-- What you should do --
A faithful copy is needed of the lines below from the one with "Vita Pro Heißluftfritteuse" up to and including the one with "Green Bay Packers"; set it down with no pictures and no other lines.

-- Given entries --
- - - - - - -

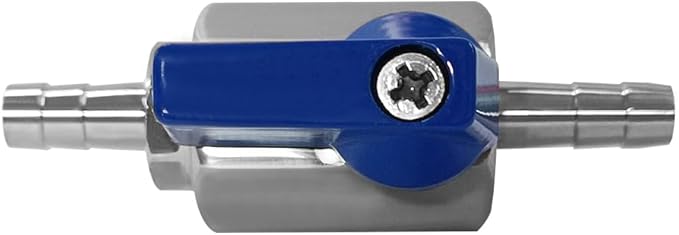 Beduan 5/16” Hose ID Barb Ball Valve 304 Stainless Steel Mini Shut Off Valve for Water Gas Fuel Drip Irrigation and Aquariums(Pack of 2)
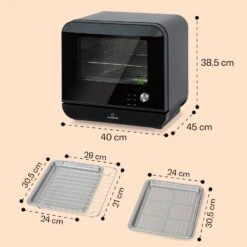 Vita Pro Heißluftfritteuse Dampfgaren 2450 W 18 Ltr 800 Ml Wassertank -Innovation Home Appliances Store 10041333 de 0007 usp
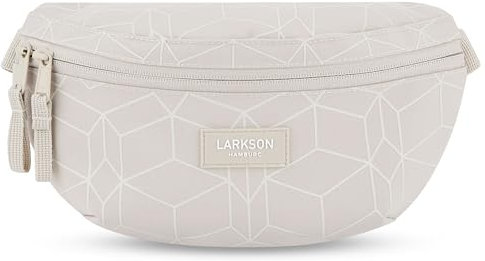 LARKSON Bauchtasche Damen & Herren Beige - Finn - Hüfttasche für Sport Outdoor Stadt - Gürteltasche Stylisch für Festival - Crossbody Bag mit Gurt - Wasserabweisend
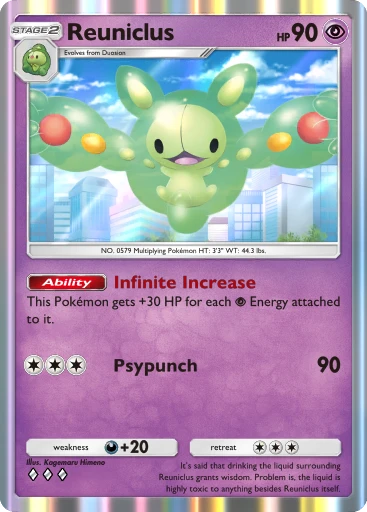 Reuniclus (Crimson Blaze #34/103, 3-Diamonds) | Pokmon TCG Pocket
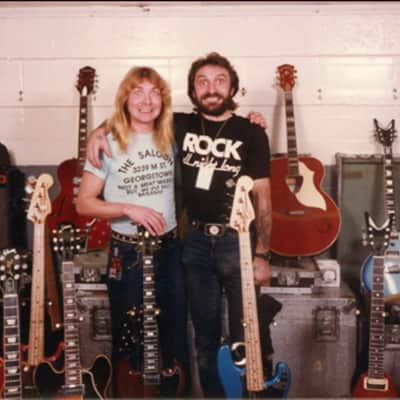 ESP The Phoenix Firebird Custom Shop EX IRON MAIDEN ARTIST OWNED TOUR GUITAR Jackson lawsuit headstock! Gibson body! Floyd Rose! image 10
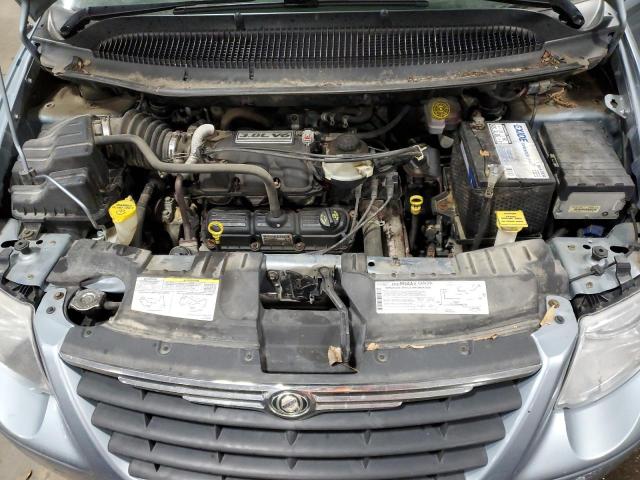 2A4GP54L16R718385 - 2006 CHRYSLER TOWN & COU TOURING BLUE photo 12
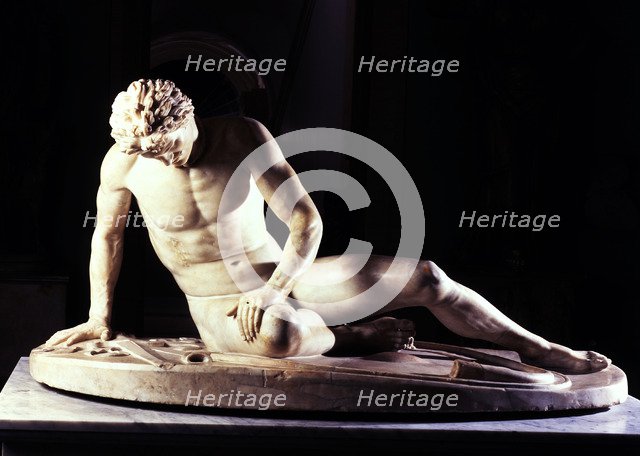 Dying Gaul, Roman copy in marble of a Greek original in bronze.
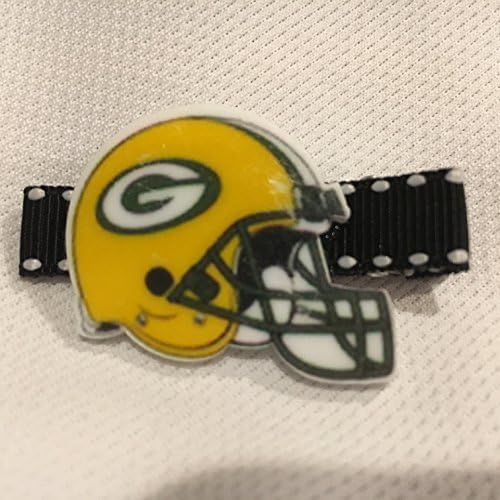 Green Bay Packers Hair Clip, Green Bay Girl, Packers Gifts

- - - - - - -

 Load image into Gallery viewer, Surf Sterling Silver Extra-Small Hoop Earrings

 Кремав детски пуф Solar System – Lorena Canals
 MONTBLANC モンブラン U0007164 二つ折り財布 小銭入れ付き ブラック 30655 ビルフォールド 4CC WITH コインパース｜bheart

- - - - - - -

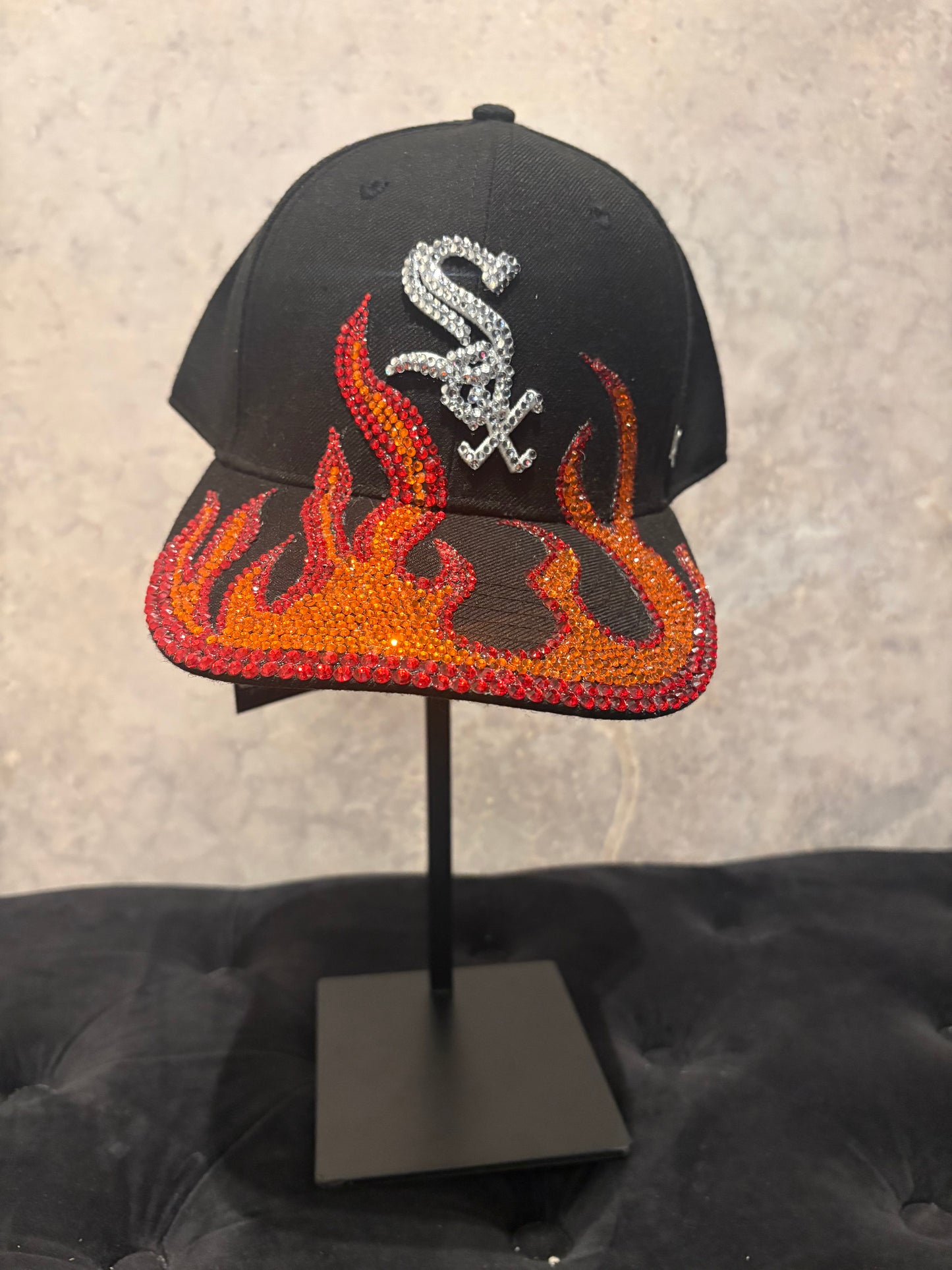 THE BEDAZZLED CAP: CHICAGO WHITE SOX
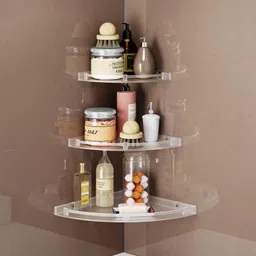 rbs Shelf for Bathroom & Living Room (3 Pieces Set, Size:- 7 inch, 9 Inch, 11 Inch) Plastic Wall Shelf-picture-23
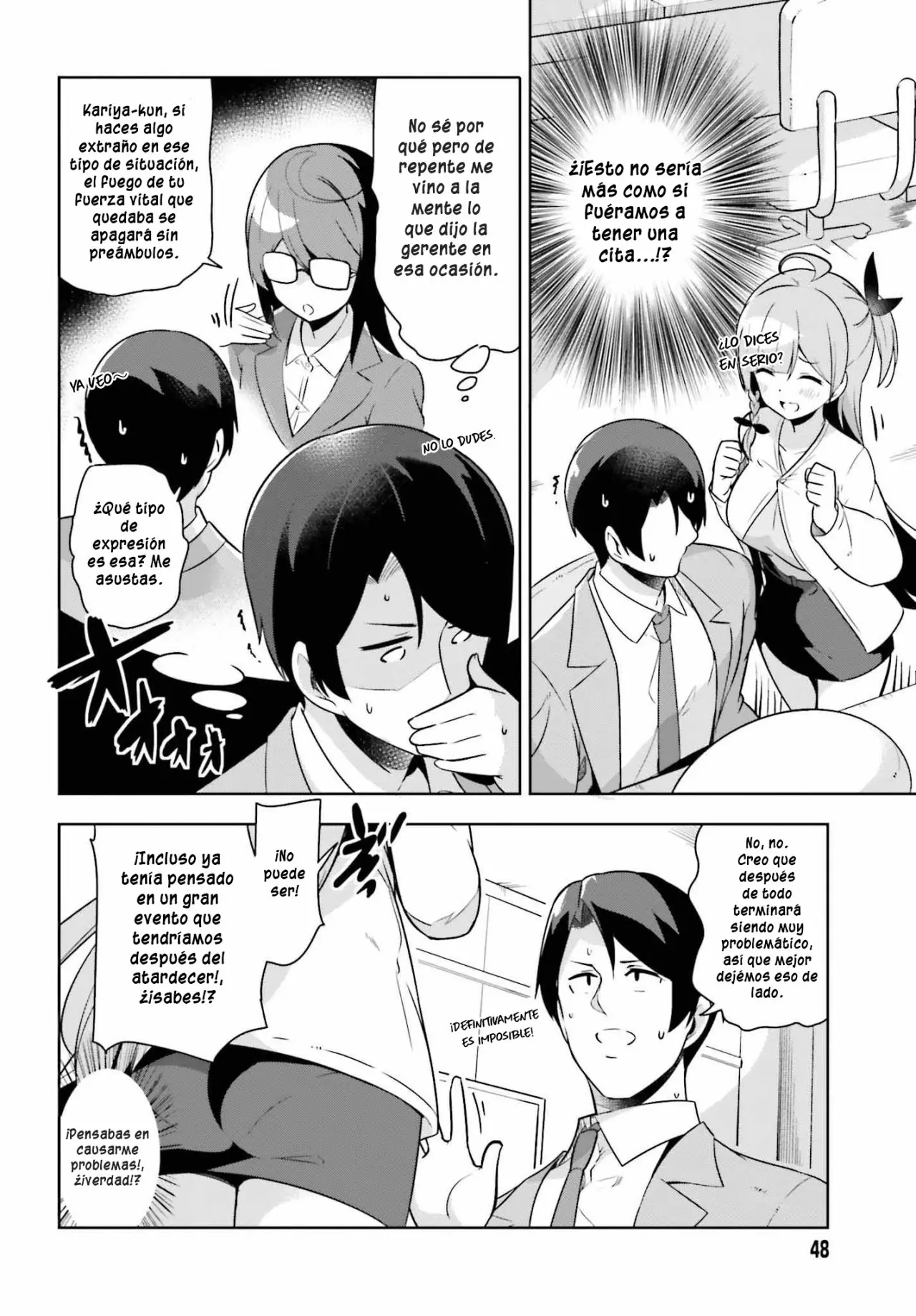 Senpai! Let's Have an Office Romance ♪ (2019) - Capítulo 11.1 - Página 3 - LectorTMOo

- - - - - - -

-- Answer to this exercise --
 Vita Pro Heißluftfritteuse Dampfgaren 2450 W 18 Ltr 800 Ml Wassertank -Innovation Home Appliances Store 10041333 de 0007 usp
 LARKSON Bauchtasche Damen & Herren Beige - Finn - Hüfttasche für Sport Outdoor Stadt - Gürteltasche Stylisch für Festival - Crossbody Bag mit Gurt - Wasserabweisend
 Reuniclus (Crimson Blaze #34/103, 3-Diamonds) | Pokmon TCG Pocket
 ESP The Phoenix Firebird Custom Shop EX IRON MAIDEN ARTIST OWNED TOUR GUITAR Jackson lawsuit headstock! Gibson body! Floyd Rose! image 10
 2A4GP54L16R718385 - 2006 CHRYSLER TOWN & COU TOURING BLUE photo 12
 Dying Gaul, Roman copy in marble of a Greek original in bronze.
 Green Bay Packers Hair Clip, Green Bay Girl, Packers Gifts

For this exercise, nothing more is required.